* Work to complete:
Every entry below must be repeated exactly; skip the pictures.

[Captioned web images]
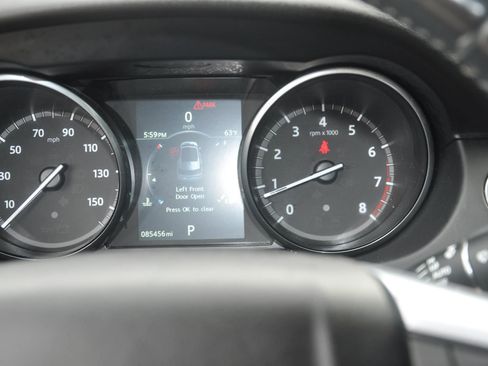 Used 2017 Land Rover Discovery Sport SE AWD/4WD image 19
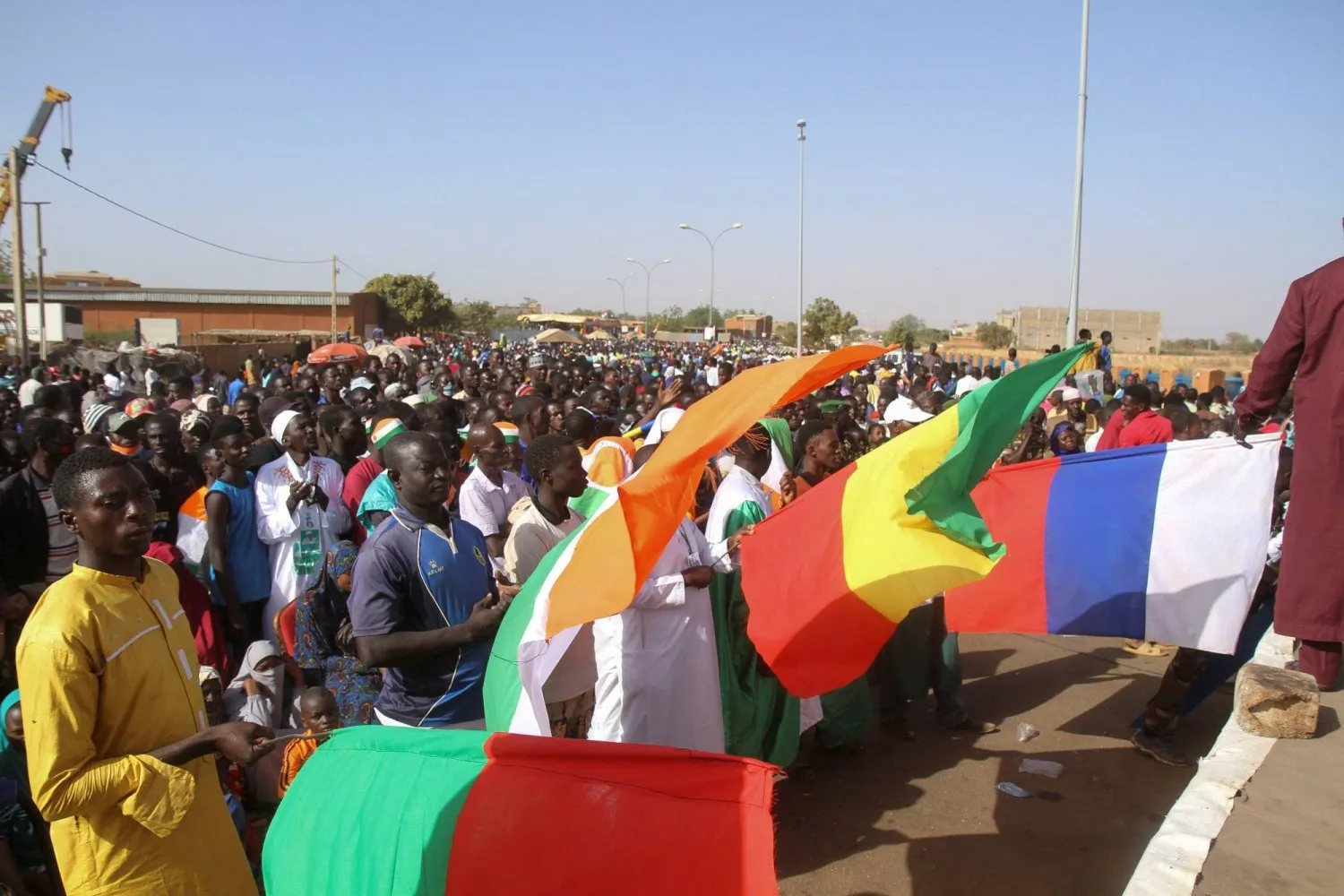 Nijer, Burkina Faso ve Mali hükümet başkanlarının geçen 29 Aralık'ta yaptığı toplantı ile eş zamanlı olarak Nijer'in Niamey kentinde gösteri düzenlendi. (Reuters)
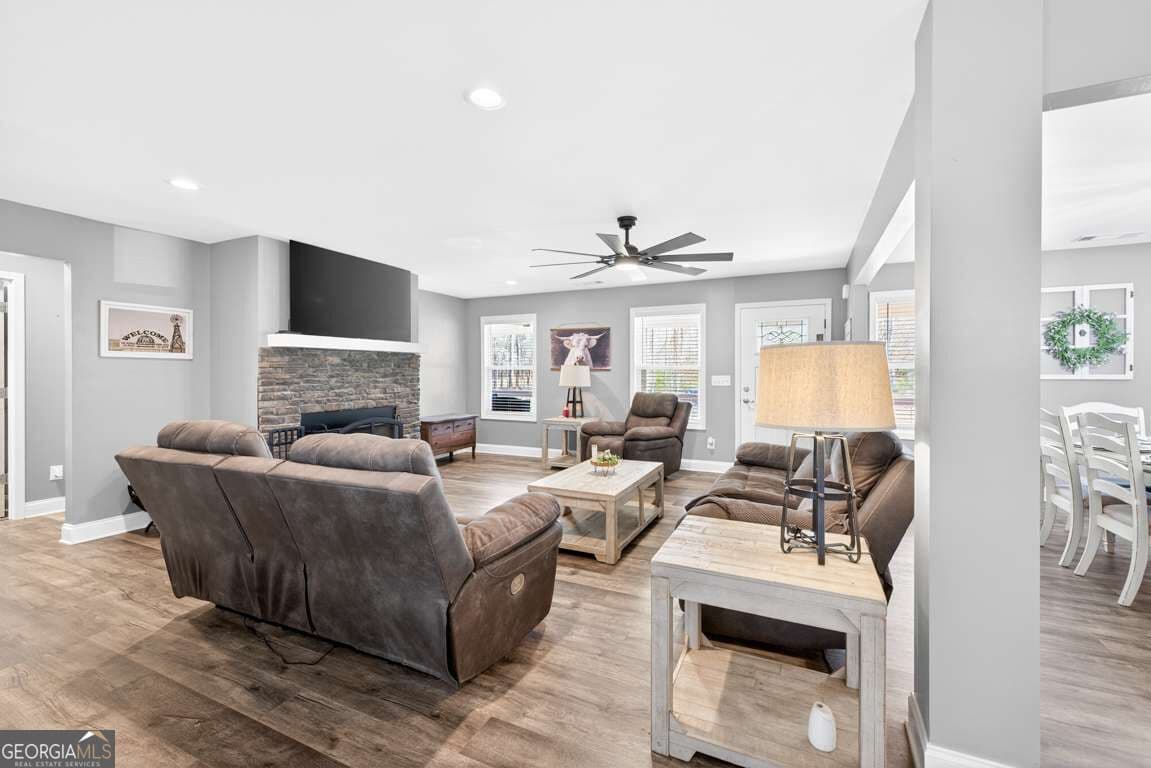 3 bedroom, 2 bathroom, 1,914 sq ft single family residence for sale at 2361 County Line Road, Mansfield, GA 30055 — photo 6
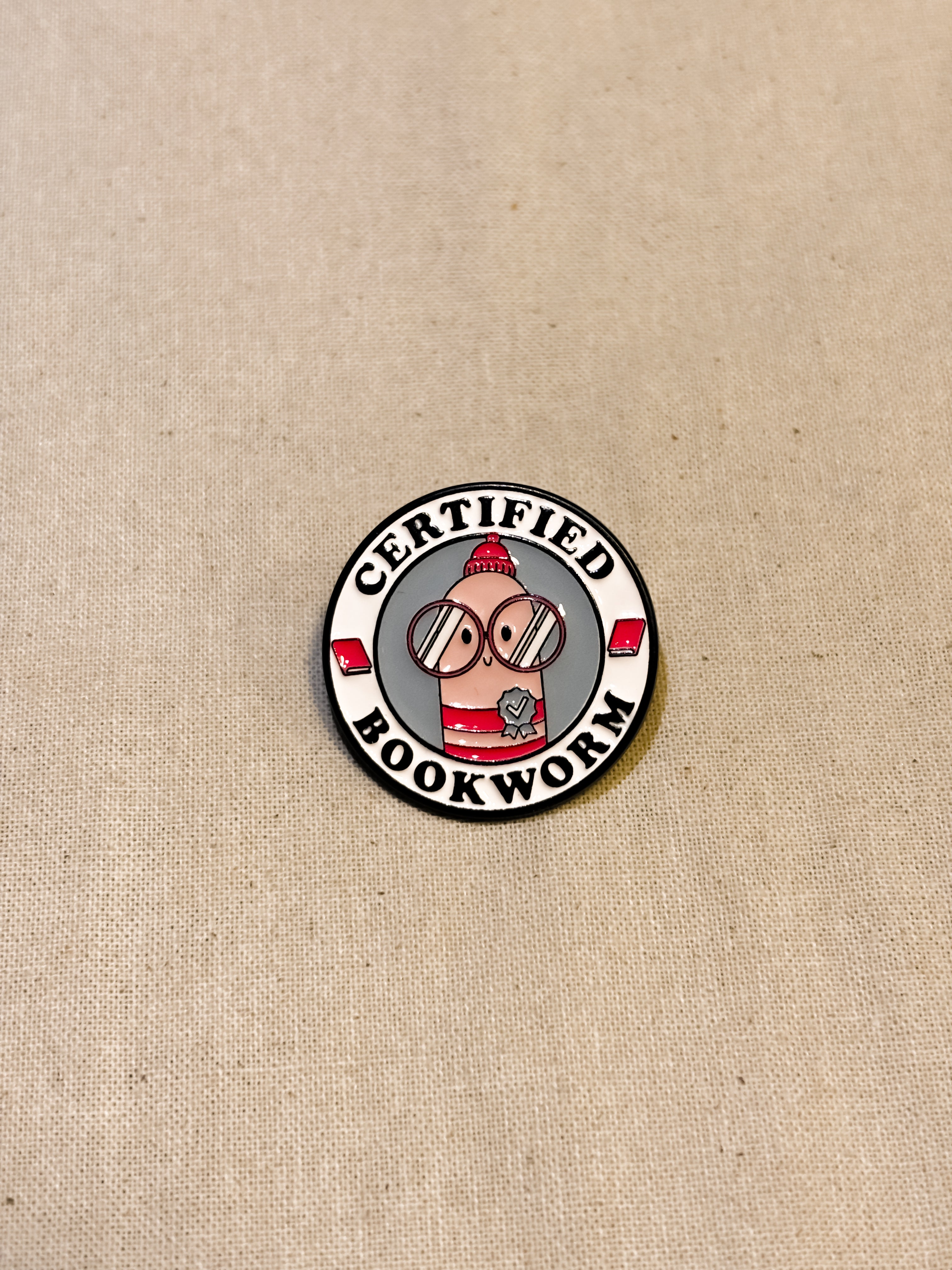 Pin “Bookworm”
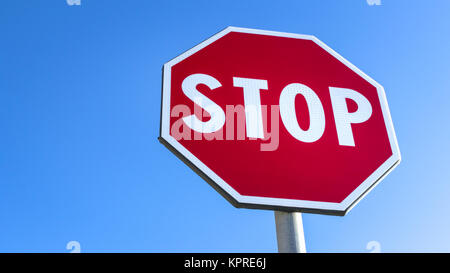 Roten Stoppschild und blauer Himmel Stockfoto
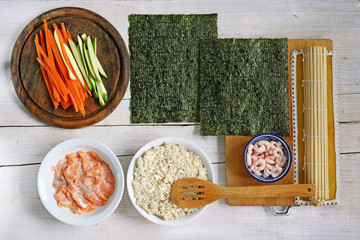 preparazione sushi maki - ingredienti e accessori © stefania57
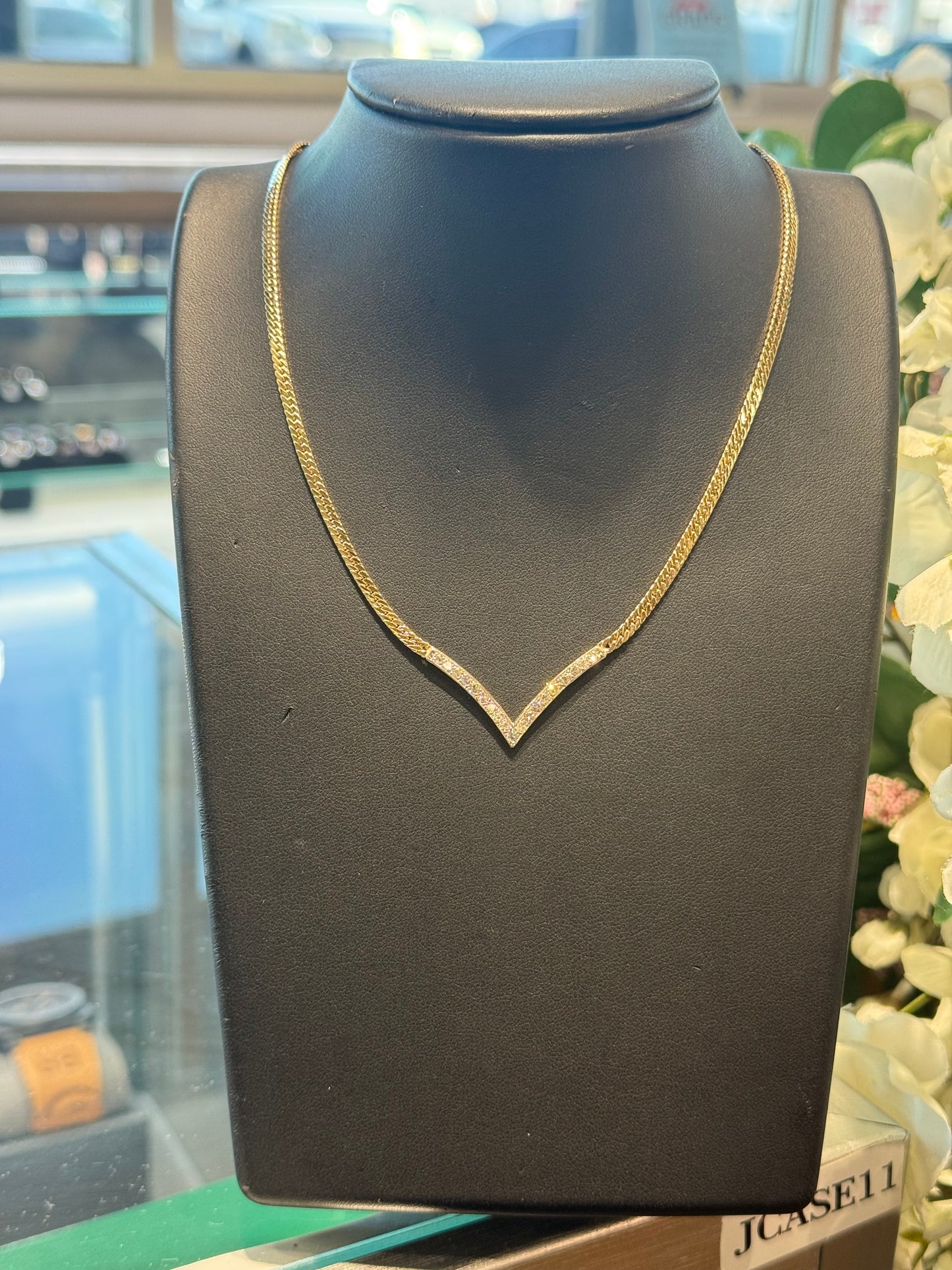 Gold fashion chain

* Written reply:
 Used 2017 Land Rover Discovery Sport SE AWD/4WD image 19
 Nijer, Burkina Faso ve Mali hükümet başkanlarının geçen 29 Aralık'ta yaptığı toplantı ile eş zamanlı olarak Nijer'in Niamey kentinde gösteri düzenlendi. (Reuters)
 3 bedroom, 2 bathroom, 1,914 sq ft single family residence for sale at 2361 County Line Road, Mansfield, GA 30055 — photo 6
 Pin “Bookworm”
 Roten Stoppschild und blauer Himmel Stockfoto
 preparazione sushi maki - ingredienti e accessori © stefania57
 Gold fashion chain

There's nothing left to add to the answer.